### WHAT THIS TASK INVOLVES
I need the lines from the one holding "長野でおすすめの湿原9選　四季折々の美しさを堪能できるスポットをご紹介" to the last line of the data below repeated exactly, both included, without pictures.

Stored records

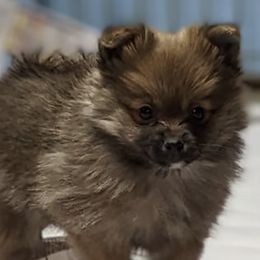 Pomeranians from Kingdom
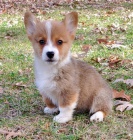 Prodm krsn tata Pembroke Welsh Corgi.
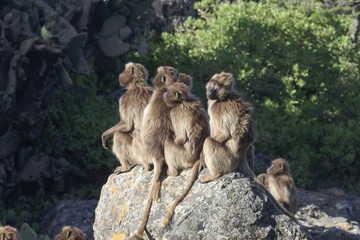 Group of gelada baboons, Theropithecus gelada, on a rock.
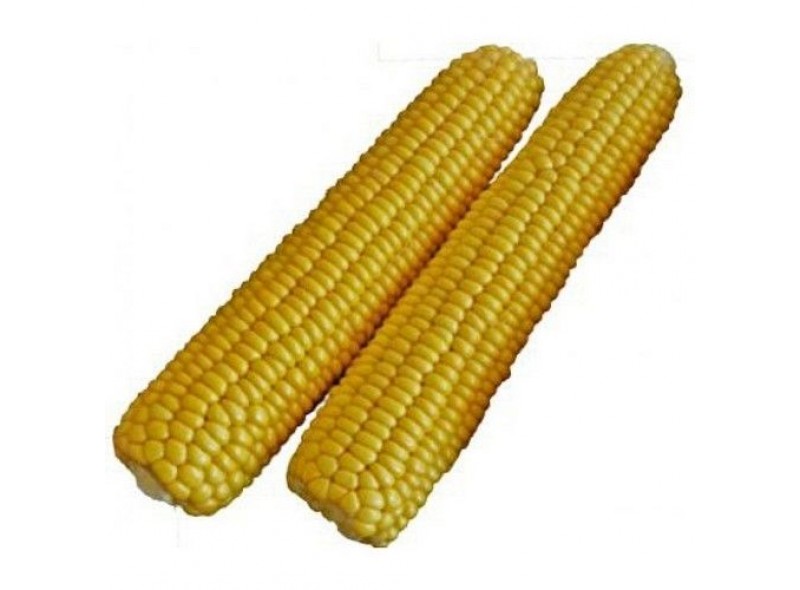 Семена кукурузы сахарной Раннее Наслаждение F1 (2500 нас.) Lark Seeds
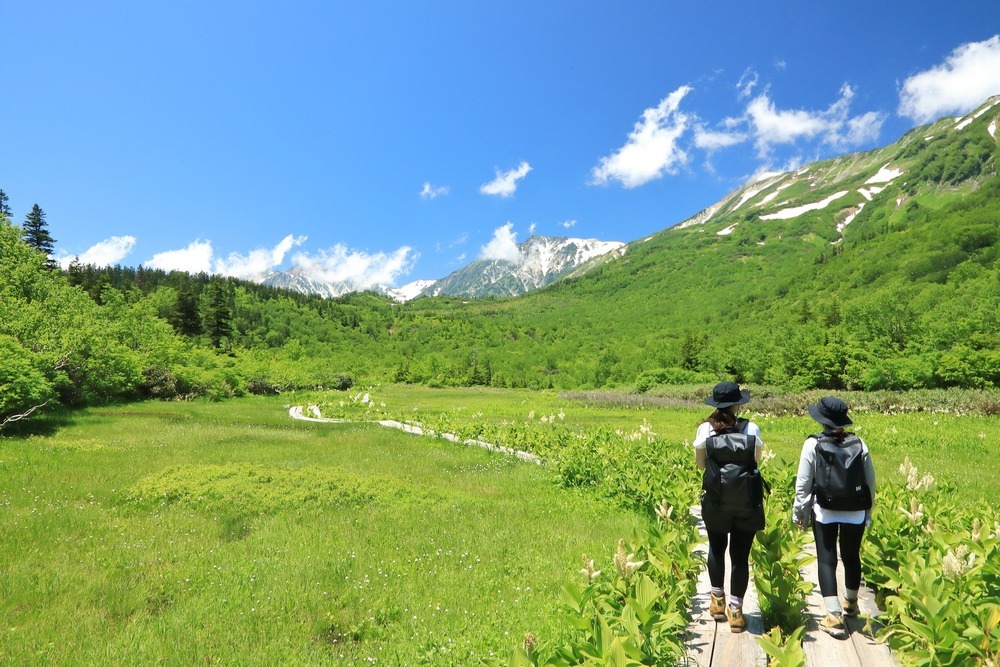 長野でおすすめの湿原9選　四季折々の美しさを堪能できるスポットをご紹介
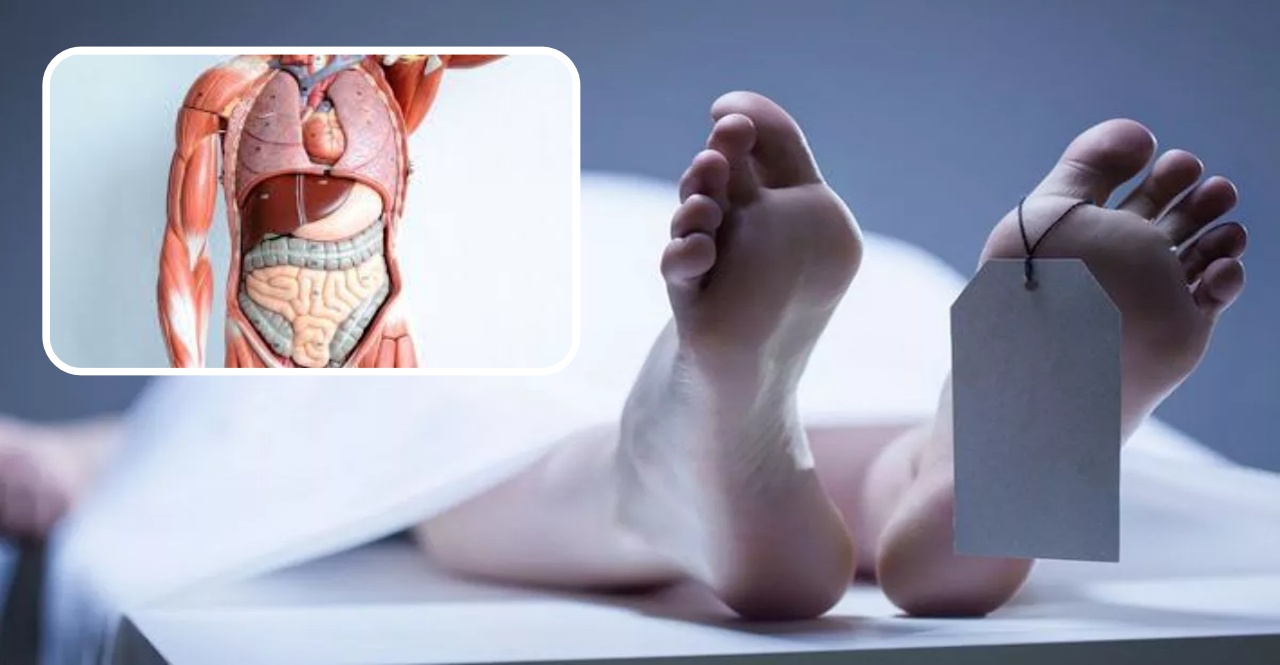 Know Which organs remain alive for how long after death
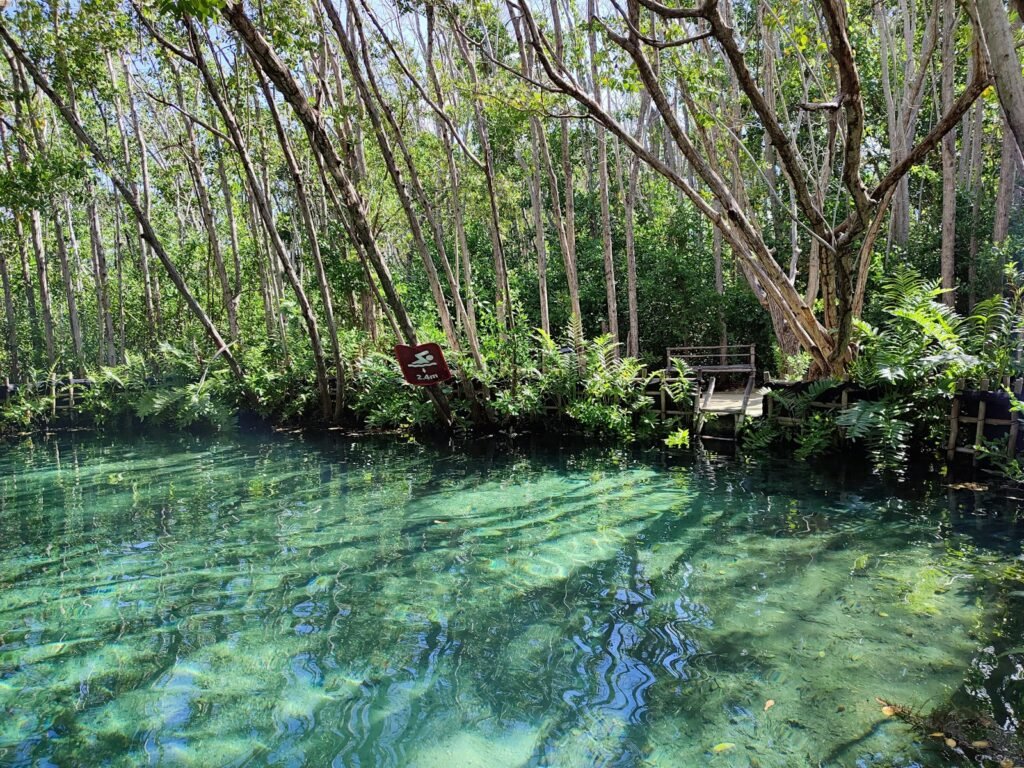 a small pond with a bridge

### ANSWER SECTION
 長野でおすすめの湿原9選　四季折々の美しさを堪能できるスポットをご紹介
 Know Which organs remain alive for how long after death
 a small pond with a bridge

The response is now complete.